## What you should do
Output exactly, in the material below, the lines from the one with "karl lagerfeld t-shirt" through the one with "STANLEY 1-97-517 organizer". Omit all pictures.

## Records for the task
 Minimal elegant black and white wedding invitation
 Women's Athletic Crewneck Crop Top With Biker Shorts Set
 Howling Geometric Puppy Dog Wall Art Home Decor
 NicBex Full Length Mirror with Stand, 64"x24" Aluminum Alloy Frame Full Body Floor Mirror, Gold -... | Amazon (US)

--

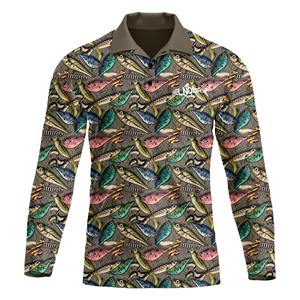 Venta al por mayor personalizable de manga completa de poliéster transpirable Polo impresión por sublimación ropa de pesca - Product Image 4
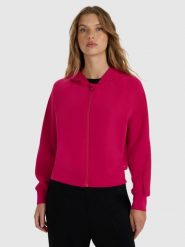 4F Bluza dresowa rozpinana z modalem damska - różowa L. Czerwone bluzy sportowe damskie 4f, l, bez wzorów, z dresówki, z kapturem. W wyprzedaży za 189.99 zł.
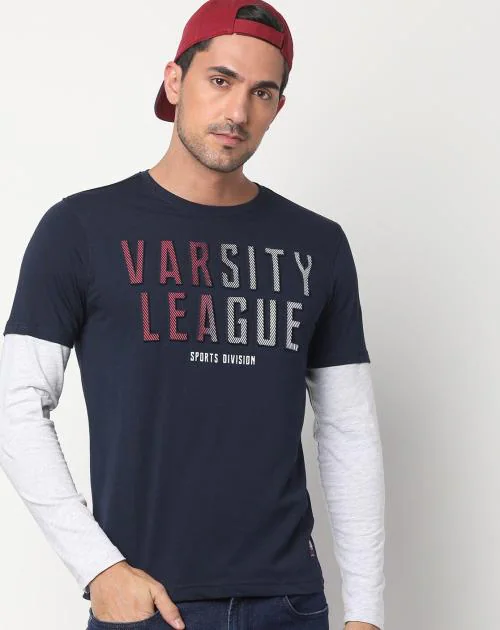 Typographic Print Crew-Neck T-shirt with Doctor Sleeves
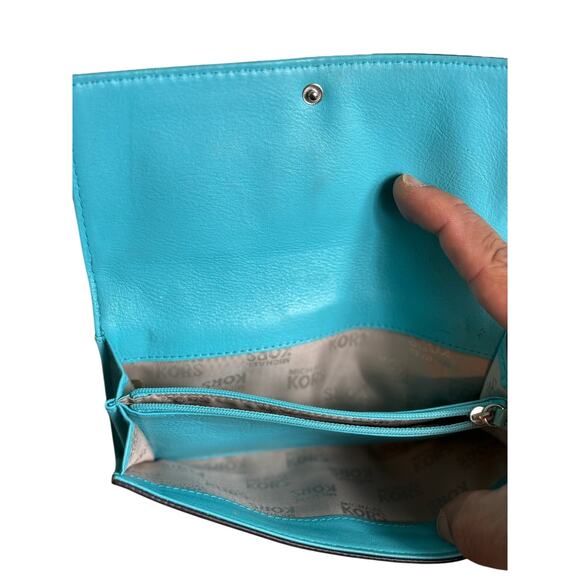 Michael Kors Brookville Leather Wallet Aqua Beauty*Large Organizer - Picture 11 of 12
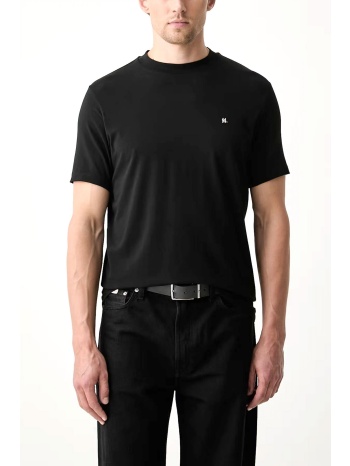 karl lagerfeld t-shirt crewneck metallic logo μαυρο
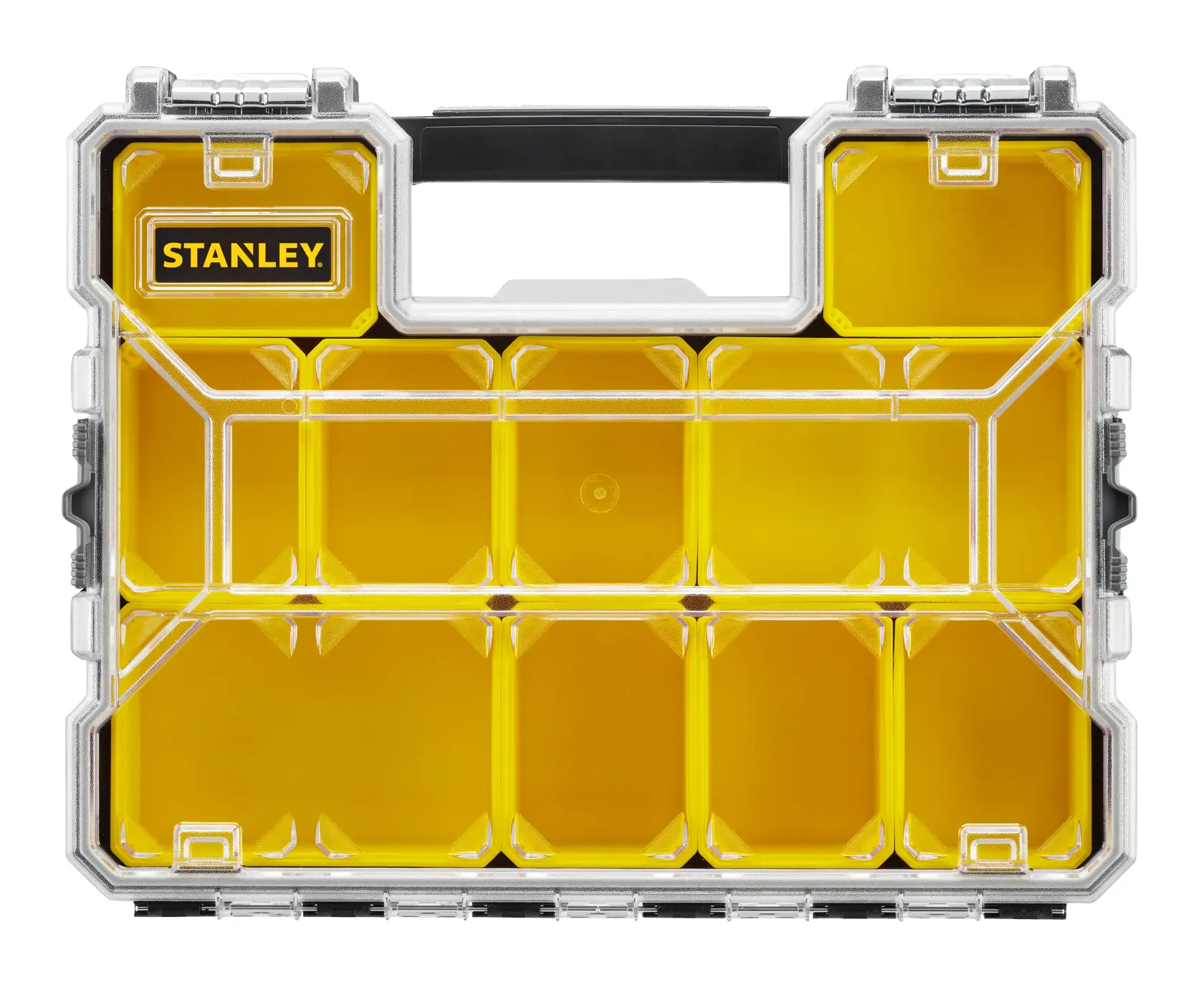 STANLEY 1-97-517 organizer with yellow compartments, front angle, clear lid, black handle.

## Reply
 karl lagerfeld t-shirt crewneck metallic logo μαυρο
 STANLEY 1-97-517 organizer with yellow compartments, front angle, clear lid, black handle.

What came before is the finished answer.